New Delhi: One cannot claim insurance for road accident if it was caused by one’s own fault, the Supreme Court has held.
The top Court set aside a judgement by the Tripura High Court directing the National Insurance Company to pay Rs.10.57 lakh to the family members of Dilip Bhowmik, who died on May 20, 2012, after meeting with an accident.
The insurance company challenged the order before the top Court, contending that the deceased himself was the owner-cum-driver of the offending vehicle. He was not a third party within the meaning of the Motor Vehicles Act. “The accident had occurred due to the negligence of the deceased. Therefore, the appellant, being the insurer of the vehicle, was not liable to pay compensation,” the company said.
The High Court had accepted the plea by the insurance company but still directed it to pay the money, saying it should not be treated as a precedent.
After going through the facts of the case, the Supreme Court noted that the deceased was the victim of his own action of rash and negligent driving. Therefore, his family members could not have maintained the claim petition filed under Section 166 of the Motor Vehicles Act.
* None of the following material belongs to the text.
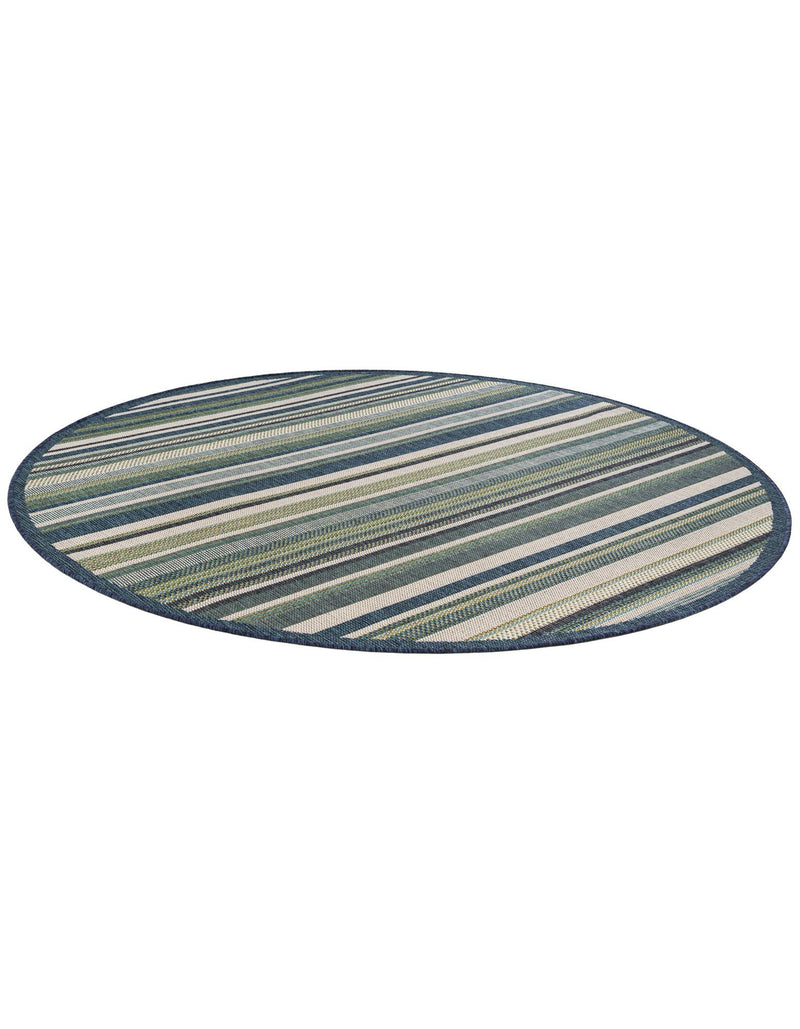 Coastal Terrace Collection Area Rug -  Nautical Round Blue  lifestyle 101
The Court said the High Court was not justified in directing the insurer to pay the compensation. It, however, noted that under the terms of insurance contract, the family members were entitled to Rs.2 lakh, as indemnification was extended to personal accident of the deceased.
“A claimant, in our view, cannot maintain a claim if he/she has caused the accident on account of his/her own rash and negligent driving, and make the insurance company pay for the same,” a Bench of Justices N.V. Ramana and S. Abdul Nazeer said.